The girl came back around the corner of the hotel, still crying, but texting now. She’s learning about monsters too, just monsters of a different generation. I’m so old now I’m not even sure I recognize the new ones.
Blue Oyster Cult turns the Brown Hotel’s decor from art deco gold to a gothic red and black
Inside the Brown Theater, we were in the balcony, the front row looking out. It’s an old world theater, based on the Music Box Theater in New York City. It could work as a Blue Oyster Cult album cover.
The first time I saw the band was in a stadium in 1981, the last year they had a hit. The last time we bumped paths was about eight years ago, in a small town in southern Illinois, whose entire population you could have squeezed into that stadium.
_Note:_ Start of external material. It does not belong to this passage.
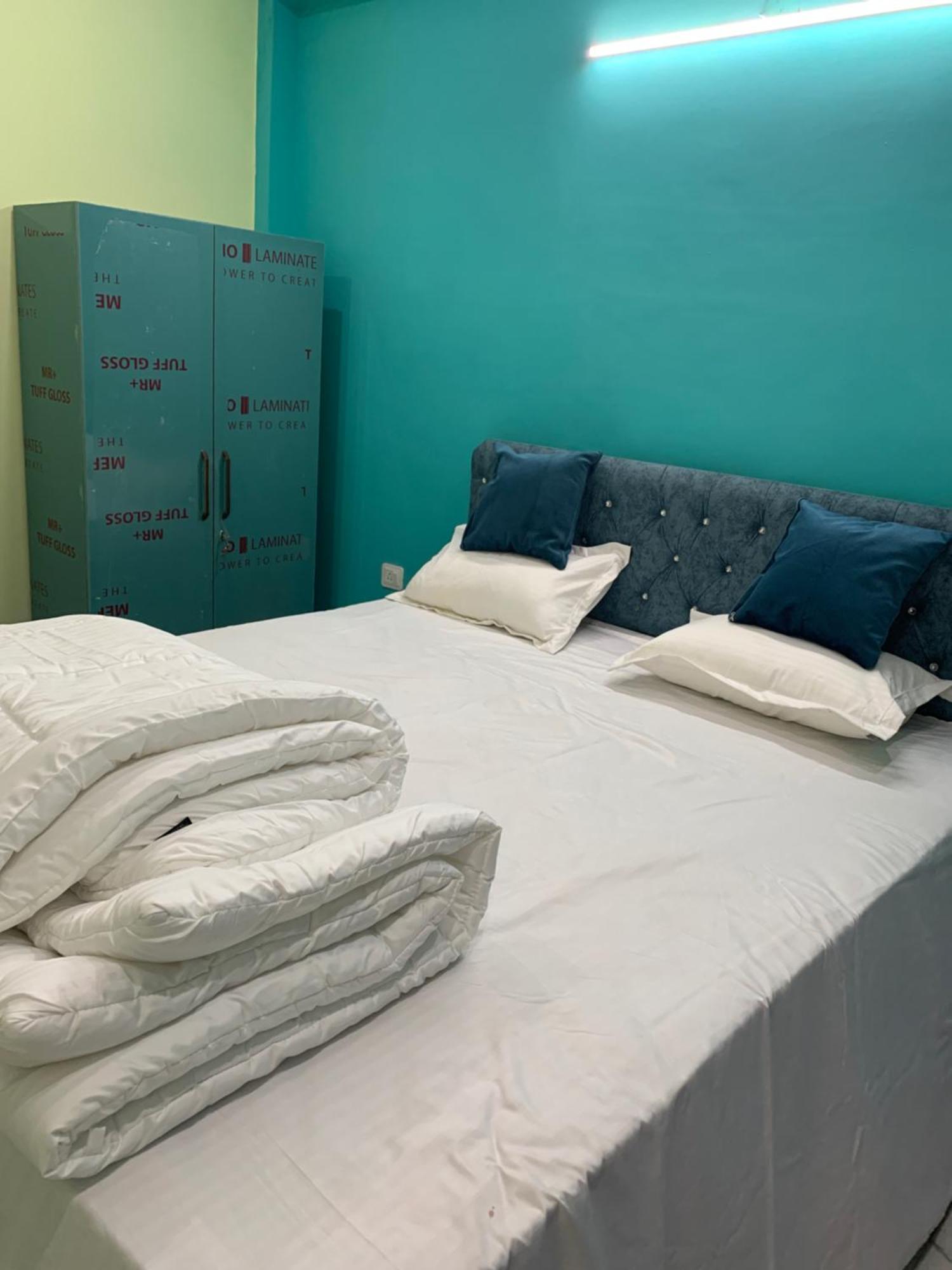 Abode Guest House Грейтър Нойда Екстериор снимка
Blue Oyster Cult draws great crowds at events like that. And there’s the dichotomy with the band. They can play a bike rally as easily as the Brown Theater. It’s a result of singing about the outlaws of society. You develop an audience of outlaws. That they’re still drawing crowds fifty years later means that concept has legs.
For me, what the band truly excelled at was what they did right out of the box, creating an atmosphere. That was what made the Hammer horror films, those with Peter Cushing and Christopher Lee so perfect. It was the mood those films set that was truly supernatural.
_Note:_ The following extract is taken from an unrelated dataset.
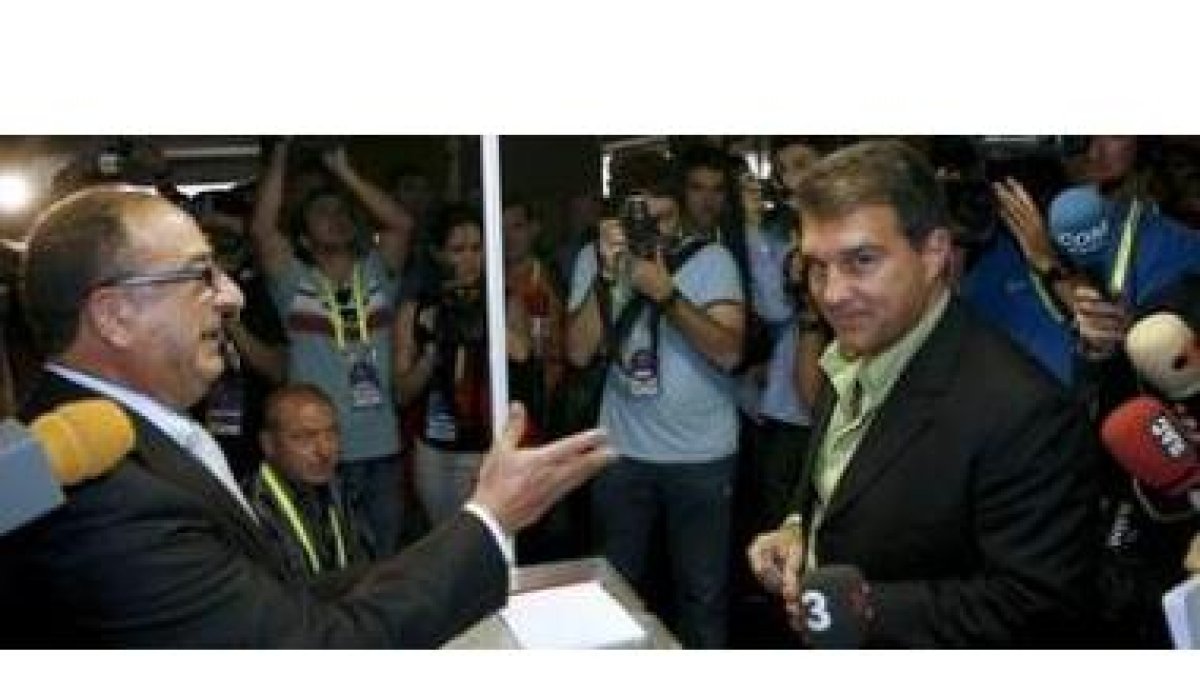 Rosell posa con su equipo después de su triunfo en las elecciones a la presidencia del Barça.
BOC could take concepts and lyrics – often donated from others, and put them to music in ways which accentuated the diabolical, and made it sound romantic. No other group could play straight rock and roll and make it lock together like a Bach quintet.
It’s that ornate edge, that air of the gothic that created a mystique around them, that makes playing on gilded stages oddly appropriate. But senior citizens are seldom gothic icons, unless you’re Vincent Price. And so far, no rocker has managed to quite pull that transformation off.
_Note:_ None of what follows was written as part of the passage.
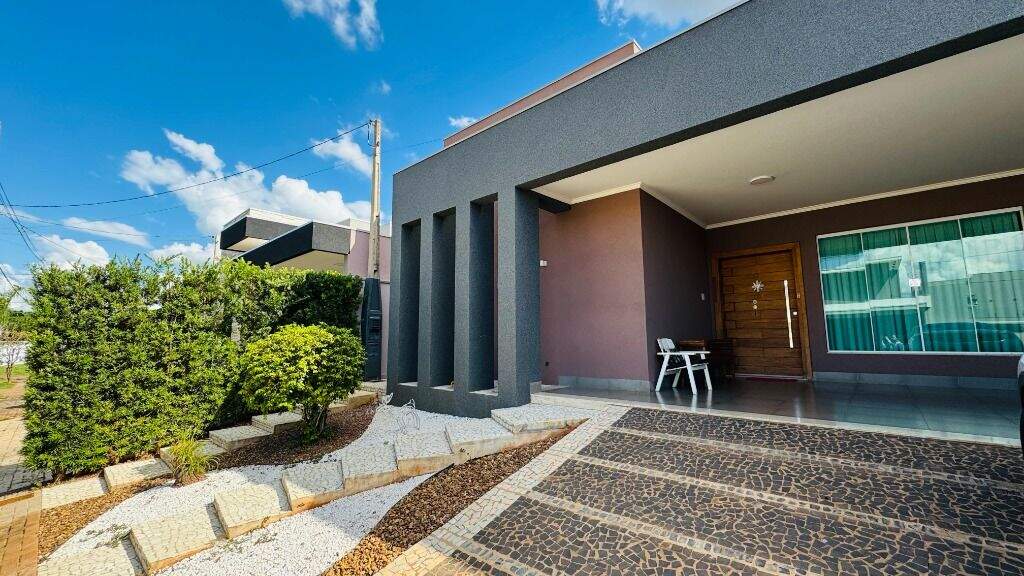 Casa para aluguel no Centro:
In concert, Blue Oyster Cult is consistently great
I don’t write concert reviews. They’re like YouTube videos shot on someone’s phone at a show. If you watch those, you’d likely to think Eric Bloom’s voice is as much a part of history as his laser wristband. But the sound at concerts aren’t mixed to sound good on phones. In concert, his voice sounded fine. He didn’t sound like he was in his twenties, but his snarl was intact.
Buck Dharma wrote the hits, starting with Don’t Fear the Reaper. But he’s admittedly, more into creating pop songs, though occasional gothic jewels that invoke the full moon still pops out. He’s a bit younger than Eric at 73, and his talents haven’t diminished much. Of the guitar gods, he’s likely the most melodic.
You could make the point about how amazing it is that people of that age can still play music with that edge. But that’s insulting. It’s not like Mick Jagger getting more positive reviews for his stamina in prancing on the stage than his singing. These guys still do their job.
It’s Eric Bloom’s songs that gave Blue Oyster Cult its gravely feel, something that’s carried on even to their latest album, The Symbol Remains. It’s not a bad album, but I still couldn’t help but feel, the only songs that really felt to me like Blue Oyster Cult were the Bloom songs.
It took twenty years for this album to appear. I hope it’s not their last. So far, no group, particularly hard rock groups have brought it full circle, returning to the beginning, but seen through the eyes of someone half a century older. They’re one of those groups which could surprise you and do it.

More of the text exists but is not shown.